El recinto ha sido preparado según su designio: los cirios ardiendo en círculo, sahumerios exhalando aroma a incienso, en el medio el espejo con forma de silueta femenina y a un costado la jaula, depositada en el suelo. Avanza hasta situarse frente a la luna de plata mientras Ficzkó, Jó y Dorkó, en un rincón, parecen inanimados.

Luego de permanecer tiesa comienza a levantar las manos; pausadamente recorre sin tocar el propio contorno con los dedos afilados y extiende verticalmente los brazos. En lo alto, las manos dibujan ahora el compás de un silencio voluptuoso hasta que el espacio se estremece con el son de la plegaria. Las manos de la Condesa se crispan cuando un aullido interrumpe el éxtasis. Jó y Dorkó, que se habían retirado, acaban de ingresar arrastrando una joven desnuda. Ficzkó, inmóvil, dirige a la Condesa una mirada expectante. Mientras Darvulia abre la puerta de la esfera Dorkó amordaza a la víctima, la que al ser empujada hacia la jaula produce convulsionados movimientos de resistencia. Una vez dentro extienden sus brazos en cruz, sujetándole con argollas las muñecas, a espaldas de las puntas aceradas. Erzsébet acompasa el ritmo de la plegaria con un contorneo que sigue la desesperada agitación de la muchacha. Jó manipula unas cadenas y el artefacto se eleva; luego, merced a otro juego de poleas lo desplaza horizontalmente, hasta detenerlo bajo la bóveda que domina la habitación, por encima de la Condesa.

Cuando deja de oírse la plegaria se produce un pesado silencio. Erzsébet mira fijamente a su otra del espejo:

-Habla, mi ama. Atenta estoy, asistida por una luna que es reflejo como la imagen que de mí devuelves. Aprecio este fulgor que reverbera pero atención, atención que una mirada distinta me anhela.

Levanta la vista mientras, desde lo alto, la muchacha no se sustrae al movimiento inverso y con ojos aterrados busca los de la Condesa.

-Estamos las tres que somos dos, una. ¡Darvulia, te ordeno!

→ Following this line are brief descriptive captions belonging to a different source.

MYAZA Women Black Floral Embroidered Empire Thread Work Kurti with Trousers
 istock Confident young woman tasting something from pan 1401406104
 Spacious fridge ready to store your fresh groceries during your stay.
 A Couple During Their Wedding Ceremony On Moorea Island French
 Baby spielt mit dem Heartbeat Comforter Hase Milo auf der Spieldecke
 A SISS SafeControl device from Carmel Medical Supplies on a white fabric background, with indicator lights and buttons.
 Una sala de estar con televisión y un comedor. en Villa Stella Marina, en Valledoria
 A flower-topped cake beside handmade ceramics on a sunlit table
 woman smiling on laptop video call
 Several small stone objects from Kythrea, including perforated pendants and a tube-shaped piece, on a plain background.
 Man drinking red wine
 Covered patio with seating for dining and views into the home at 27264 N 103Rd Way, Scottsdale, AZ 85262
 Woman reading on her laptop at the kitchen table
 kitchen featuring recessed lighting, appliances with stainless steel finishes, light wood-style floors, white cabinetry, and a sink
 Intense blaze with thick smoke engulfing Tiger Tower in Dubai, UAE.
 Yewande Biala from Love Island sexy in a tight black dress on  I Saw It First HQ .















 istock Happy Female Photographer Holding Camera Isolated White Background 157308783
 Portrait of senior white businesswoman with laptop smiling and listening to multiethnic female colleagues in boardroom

La bruja se acerca a Ficzkó, lo toca y éste cobra vida. Toma una lanza y desde un costado, sin invadir el espacio de la Condesa comienza a punzar la víctima, que se pone roja en sangre mientras la jaula se bambolea como un péndulo. Azuzada, la muchacha termina por hacer un violento movimiento y las puntas penetran su carne por detrás mientras el espejo reitera las contorsiones simétricas de la Condesa, quien al quedar la otra exánime vuelve a la tiesura.

La lluvia roja tiñe el blanco impecable del vestido. El cadáver desangrado empalidece como una luna.

-Erzsébet: ¿Quién eres tú? -exclama, sin apartarse de la mirada del espejo-. ¡Aquí! ¡Aquí estoy! ¡En mí, fuera de mí! ¡El cuerpo discontinuo enajenado!